By November 24, Fahimi and Alex had scheduled a meeting in Austria. A fax, sent from the office of Twins Group, confirmed the details.

Agent Kriske sent ICE agents to Vienna, arranged plane tickets for himself and Alex, and coordinated with BVT, Austria's version of the FBI. He readied the paperwork necessary to transport one pair of night-vision goggles.


After their arrest in Austria, Gholikhan and Seif each pleaded guilty to one charge of trading defense articles without a license. It was the convenient thing to do, Gholikhan says now. Their punishment was a mere 28 days in prison and a small fine. The couple returned briefly to Dubai, but the United Arab Emirates deported them to Iran.

Between 2005 and 2007, U.S. agents tried to extradite Seif and Gholikhan to no avail. They sent out a "red notice" — an international arrest warrant — through Interpol, hoping the couple might be captured at borders.

So it was a surprise to almost everyone when, in December 2007, Shahrzad Mir Gholikhan popped up in Cyprus. Having heard the United States was looking for her, she called the U.S. Embassy, asked for a plane ticket, and voluntarily traveled to Miami. She sent her daughters, now 11 years old, to live with their grandparents in Iran. In her letter to New Times, she explained that she agreed to travel to Miami to clear her name. When she disembarked, five officers fingerprinted her and seized her passport and thousands of dollars in jewelry. She smoked two last cigarettes and was brought to the Federal Detention Center.

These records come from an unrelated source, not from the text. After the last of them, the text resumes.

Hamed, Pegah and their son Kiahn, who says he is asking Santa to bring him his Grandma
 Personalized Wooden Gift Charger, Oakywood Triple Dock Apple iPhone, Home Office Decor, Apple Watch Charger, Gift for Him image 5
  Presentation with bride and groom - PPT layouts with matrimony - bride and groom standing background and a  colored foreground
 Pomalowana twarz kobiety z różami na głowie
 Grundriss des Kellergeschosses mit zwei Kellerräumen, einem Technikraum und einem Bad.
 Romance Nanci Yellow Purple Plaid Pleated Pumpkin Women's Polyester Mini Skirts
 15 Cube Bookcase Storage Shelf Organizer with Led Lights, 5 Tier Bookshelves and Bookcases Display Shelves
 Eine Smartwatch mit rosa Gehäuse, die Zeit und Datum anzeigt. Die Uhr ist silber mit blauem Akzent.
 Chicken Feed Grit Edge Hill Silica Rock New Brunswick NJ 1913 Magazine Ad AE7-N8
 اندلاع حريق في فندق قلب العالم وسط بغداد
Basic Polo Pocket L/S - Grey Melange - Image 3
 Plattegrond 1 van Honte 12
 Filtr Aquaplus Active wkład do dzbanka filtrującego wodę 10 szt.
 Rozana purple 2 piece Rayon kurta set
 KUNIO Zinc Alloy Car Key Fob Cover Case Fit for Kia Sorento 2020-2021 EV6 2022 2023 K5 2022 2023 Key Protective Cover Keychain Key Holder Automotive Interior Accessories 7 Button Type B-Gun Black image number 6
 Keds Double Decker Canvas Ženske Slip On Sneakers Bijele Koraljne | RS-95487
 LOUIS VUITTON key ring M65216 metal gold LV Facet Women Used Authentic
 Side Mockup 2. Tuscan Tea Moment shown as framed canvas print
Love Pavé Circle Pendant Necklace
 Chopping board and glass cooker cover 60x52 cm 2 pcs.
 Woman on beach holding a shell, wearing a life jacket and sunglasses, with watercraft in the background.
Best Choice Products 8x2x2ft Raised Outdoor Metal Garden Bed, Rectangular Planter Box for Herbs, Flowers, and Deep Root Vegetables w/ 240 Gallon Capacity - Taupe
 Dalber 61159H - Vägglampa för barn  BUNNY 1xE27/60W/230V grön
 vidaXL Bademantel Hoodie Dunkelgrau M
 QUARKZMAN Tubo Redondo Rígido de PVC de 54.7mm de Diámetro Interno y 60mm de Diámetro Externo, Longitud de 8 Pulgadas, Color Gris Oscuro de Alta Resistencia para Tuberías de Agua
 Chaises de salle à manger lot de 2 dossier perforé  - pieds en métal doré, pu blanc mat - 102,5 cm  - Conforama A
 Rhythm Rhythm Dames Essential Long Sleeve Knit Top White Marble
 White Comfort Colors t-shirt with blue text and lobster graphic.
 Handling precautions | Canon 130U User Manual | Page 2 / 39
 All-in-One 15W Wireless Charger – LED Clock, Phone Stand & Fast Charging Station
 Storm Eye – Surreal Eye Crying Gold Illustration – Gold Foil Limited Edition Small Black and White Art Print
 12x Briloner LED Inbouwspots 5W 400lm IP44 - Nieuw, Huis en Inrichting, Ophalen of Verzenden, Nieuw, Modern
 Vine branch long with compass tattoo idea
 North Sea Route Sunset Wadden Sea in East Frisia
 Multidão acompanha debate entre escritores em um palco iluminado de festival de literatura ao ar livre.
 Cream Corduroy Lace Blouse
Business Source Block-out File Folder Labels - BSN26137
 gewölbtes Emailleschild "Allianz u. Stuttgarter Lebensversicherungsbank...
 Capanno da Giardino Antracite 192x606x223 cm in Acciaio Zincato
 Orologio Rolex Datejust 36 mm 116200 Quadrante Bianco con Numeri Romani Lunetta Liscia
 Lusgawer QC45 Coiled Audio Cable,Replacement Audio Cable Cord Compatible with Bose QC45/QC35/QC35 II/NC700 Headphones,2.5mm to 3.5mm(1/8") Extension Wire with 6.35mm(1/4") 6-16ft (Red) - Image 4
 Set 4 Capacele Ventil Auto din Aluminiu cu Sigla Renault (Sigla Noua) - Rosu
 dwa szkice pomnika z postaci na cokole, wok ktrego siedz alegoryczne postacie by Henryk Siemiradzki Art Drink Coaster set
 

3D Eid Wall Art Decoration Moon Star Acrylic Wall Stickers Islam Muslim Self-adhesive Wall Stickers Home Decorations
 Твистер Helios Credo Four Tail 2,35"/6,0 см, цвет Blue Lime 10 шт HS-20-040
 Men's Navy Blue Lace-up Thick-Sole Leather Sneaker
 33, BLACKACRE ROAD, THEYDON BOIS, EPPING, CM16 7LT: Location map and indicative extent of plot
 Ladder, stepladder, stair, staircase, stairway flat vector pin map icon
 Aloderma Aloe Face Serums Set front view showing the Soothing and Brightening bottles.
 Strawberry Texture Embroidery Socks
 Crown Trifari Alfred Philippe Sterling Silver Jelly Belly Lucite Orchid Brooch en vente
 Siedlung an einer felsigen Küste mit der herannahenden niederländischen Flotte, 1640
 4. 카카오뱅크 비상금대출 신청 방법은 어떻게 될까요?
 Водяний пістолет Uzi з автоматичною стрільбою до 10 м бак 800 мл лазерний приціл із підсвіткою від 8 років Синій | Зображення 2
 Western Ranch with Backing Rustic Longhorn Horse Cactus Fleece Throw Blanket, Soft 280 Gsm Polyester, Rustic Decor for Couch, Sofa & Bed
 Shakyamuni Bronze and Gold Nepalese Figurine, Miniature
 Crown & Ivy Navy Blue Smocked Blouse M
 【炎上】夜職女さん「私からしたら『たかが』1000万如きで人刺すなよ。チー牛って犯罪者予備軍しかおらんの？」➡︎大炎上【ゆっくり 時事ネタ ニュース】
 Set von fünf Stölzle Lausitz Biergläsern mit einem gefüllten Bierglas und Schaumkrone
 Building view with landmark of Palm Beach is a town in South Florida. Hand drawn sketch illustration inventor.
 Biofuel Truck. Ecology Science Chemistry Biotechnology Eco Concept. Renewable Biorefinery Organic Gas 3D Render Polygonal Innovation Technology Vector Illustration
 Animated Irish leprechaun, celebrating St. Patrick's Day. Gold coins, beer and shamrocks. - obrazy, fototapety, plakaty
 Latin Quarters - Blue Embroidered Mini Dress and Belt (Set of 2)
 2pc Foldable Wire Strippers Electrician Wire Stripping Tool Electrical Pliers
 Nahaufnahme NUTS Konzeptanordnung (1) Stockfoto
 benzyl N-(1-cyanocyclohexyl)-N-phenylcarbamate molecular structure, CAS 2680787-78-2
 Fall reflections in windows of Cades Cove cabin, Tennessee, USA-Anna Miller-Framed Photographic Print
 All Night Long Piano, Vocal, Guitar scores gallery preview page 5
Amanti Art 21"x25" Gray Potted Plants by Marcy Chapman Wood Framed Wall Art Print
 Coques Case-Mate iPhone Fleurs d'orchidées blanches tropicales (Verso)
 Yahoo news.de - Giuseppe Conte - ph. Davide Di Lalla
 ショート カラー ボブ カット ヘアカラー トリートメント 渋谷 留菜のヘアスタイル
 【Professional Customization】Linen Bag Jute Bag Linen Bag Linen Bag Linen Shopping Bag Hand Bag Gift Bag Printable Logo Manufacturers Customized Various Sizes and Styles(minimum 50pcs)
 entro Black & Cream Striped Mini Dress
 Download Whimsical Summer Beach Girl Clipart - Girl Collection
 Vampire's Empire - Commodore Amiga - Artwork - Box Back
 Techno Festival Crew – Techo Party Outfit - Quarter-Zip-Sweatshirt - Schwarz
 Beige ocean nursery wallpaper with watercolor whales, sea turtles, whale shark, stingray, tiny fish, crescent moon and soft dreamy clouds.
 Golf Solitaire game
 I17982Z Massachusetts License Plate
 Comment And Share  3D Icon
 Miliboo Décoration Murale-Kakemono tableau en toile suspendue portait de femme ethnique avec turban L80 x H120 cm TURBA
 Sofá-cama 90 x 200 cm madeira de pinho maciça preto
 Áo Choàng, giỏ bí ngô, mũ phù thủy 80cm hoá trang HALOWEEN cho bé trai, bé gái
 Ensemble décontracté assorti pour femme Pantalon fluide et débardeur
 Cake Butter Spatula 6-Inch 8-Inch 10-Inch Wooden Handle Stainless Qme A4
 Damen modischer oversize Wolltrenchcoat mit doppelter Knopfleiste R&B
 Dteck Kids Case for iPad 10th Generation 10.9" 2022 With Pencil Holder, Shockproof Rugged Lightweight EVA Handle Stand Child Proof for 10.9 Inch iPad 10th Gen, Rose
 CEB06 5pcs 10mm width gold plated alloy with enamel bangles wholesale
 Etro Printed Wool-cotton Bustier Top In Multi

In spring 2008, the U.S. government offered Gholikhan a plea deal for time served. She accepted and pleaded guilty to one charge. Days later, at the sentencing hearing, the government said there had been a miscalculation. She would actually have to serve 29 months. Gholikhan balked and withdrew her plea. She would rather take her chances at trial on six charges: brokering the export of defense articles, exporting defense articles, attempting to export goods to Iran, and three related conspiracy charges.

At her first trial in September, she was represented by a court-appointed attorney and did not testify. The jury, unable to hear her voice and compare it to the one on Agent Kriske's recordings, could not agree on a verdict. A new trial was scheduled for December.

This time, Gholikhan chose to represent herself. She forsook regular clothes and appeared in front of the jury in her jail uniform: a set of khaki scrubs, white socks, and government-issued flip-flops.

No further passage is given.